COPENHAGEN.- This September,
SMK (Statens Museum for Kunst) presents an exhibition featuring seven Danish artists from the former Yugoslavia. Taking their multicultural background as a point of departure, they create works about war, migration, belonging and asylum policies.
In the 1990s, the wars in the former Yugoslavia prompted more than half a million people to flee their home, primarily from Bosnia and Herzegovina. This year, exactly 30 years have gone by since 20,000 of them came to Denmark as part of what was, at that time, the most challenging refugee situation in Europe since World War II.
Many of these refugees eventually chose to stay in Denmark, and today the Danish contemporary art scene bears the imprints of several prominent artists from the former Yugoslavia. Artists who trained at Danish art academies, but who often venture beyond current Danish life experiences addressing themes such as war, refugees, migration and senses of belonging explored at both political and personal levels.
This September, SMK presents the exhibition Connections Danish artists from Ex-Yugoslavia, which brings together seven leading artists who have, each in their own way, distinguished themselves in Denmark and internationally. With a few exceptions, they all arrived in Denmark as children, their families having fled the war in the Balkans.
In a time of exile and migration, it is important to focus on the connections that can arise between different cultural, historical and geographical areas. Art can create meaningful connections across the gulf created by migration, paving the way for a more transcultural worldview, says Tijana Miković, who is part of the exhibitions curatorial team.
Tijana Miković is currently working on a PhD project at SMK and the University of Copenhagen, investigating how art can contribute to expanding our understanding of belonging and national identity. She arrived in Denmark with her family when they had to flee the Balkans in 1992
Topphoto: Ismar Čirkinagić, The House in the Forest by the Sea, 2021, Installationsfoto fra The Metrović Pavilion Zagreb, Kroatien. Photo: Ismar Čirkinagić. © Ismar Čirkinagić / VISDA
Connections between here and there
The artists featured in the exhibition all share a plural cultural affiliation but they take very different formal and conceptual approaches when creating connections between here and there, now and then.
For example, visitors can explore Nermin Durakovićs large video installation, which offers a birds eye view of a landscape with a border.

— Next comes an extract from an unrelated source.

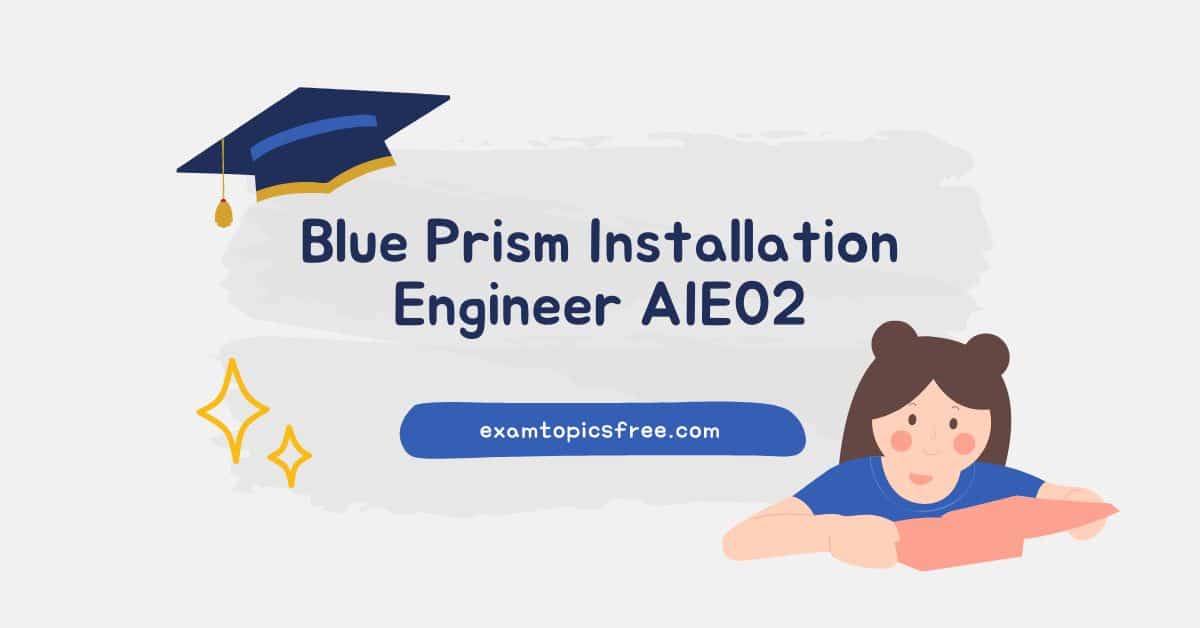 Blue Prism Installation Engineer AIE02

In addition to marking out a geographical area between Bosnia and Herzegovina and Croatia, the subject also represents an ethical boundary in relation to Europes current refugee policy: this is the very border crossing that Middle Eastern refugees strive to traverse to enter the EU.

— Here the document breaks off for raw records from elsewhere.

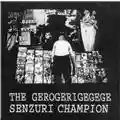 The Gerogerigegege Senzuri Champion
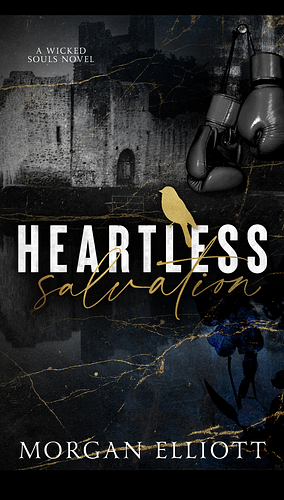 Heartless Salvation by Morgan Elliott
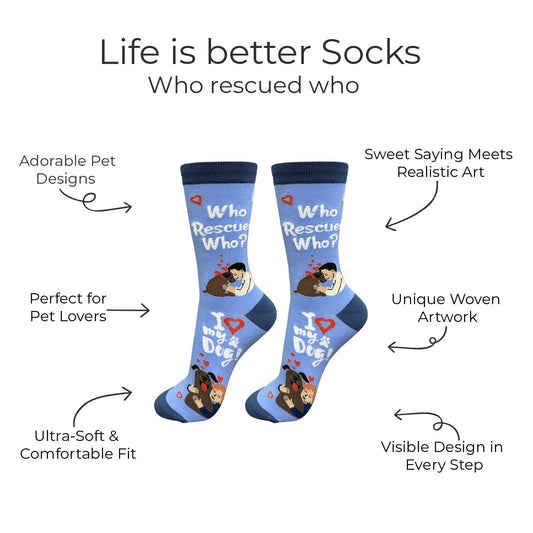 Who Rescued Who Socks- Fun Novelty Crew Socks - Unisex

Visitors will also find a monumental work by Ismar Čirkinagić consisting of three large sails sewn together from clothes collected from fifteen countries afflicted by conflicts. An equally large work by Ana Pavlović takes the form of a Danish theatre in which a story of a migrant woman takes centre stage.

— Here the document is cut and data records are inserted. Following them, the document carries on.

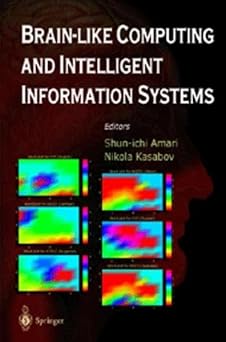 brain like computing and intelligent information systems 1st edition shunichi amari ,nikola kasabov
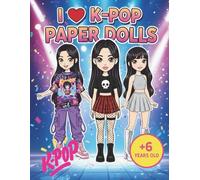 I Love K-Pop Paper Dolls: Unleash Your Inner Stylist! Skirts, and Accessories inspired by the Hottest K-Pop Fashion. (Coloring books)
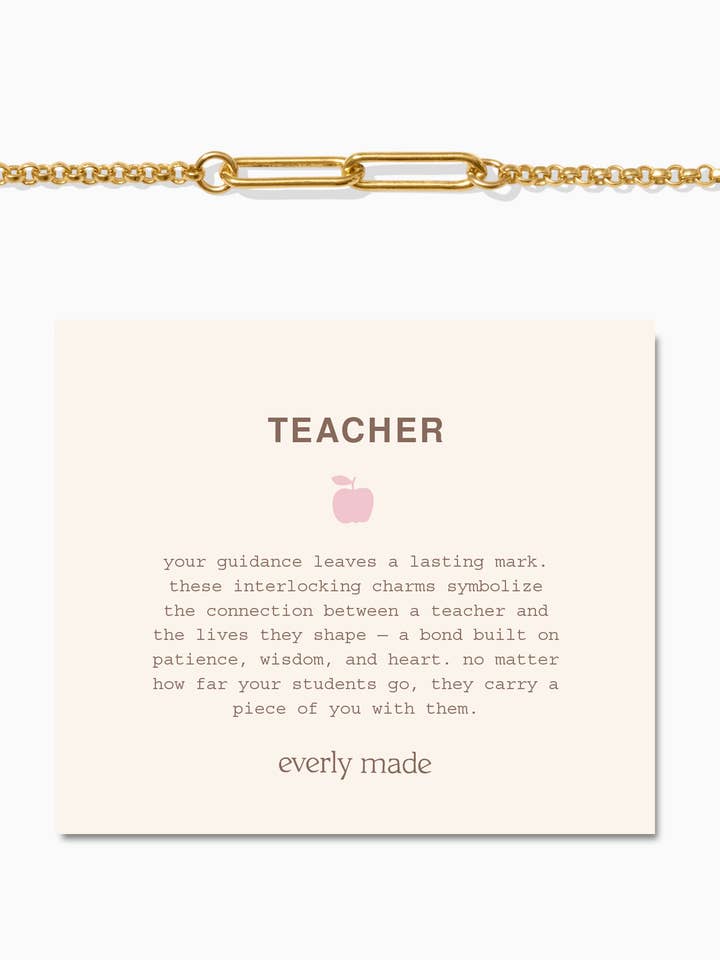 Linked Bracelet • Teacher for wholesale by Everly Made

The exhibition also shows a model of an inn a house inspired by traditional Bosnian architecture which the artist Amel Ibrahimović has built in Denmark on the basis of his fathers architectural drawings from the 1990s; Suada Demirovićs hand crocheted world map, created in collaboration with her mother, depicting the familys migration history; Alen Aligrudićs photographic work presented in the form of postcards from a country that no longer exists, and Vladimir Tomićs video work Flotel Europa, in which the artist uses home movie footage as a key element in conveying personal and collective memories about life on the ship that, in the early 1990s, functioned as a temporary refugee centre in the middle of Copenhagen.
Four of the seven artists are represented in the SMK collection. The works on display are a combination of existing and new pieces.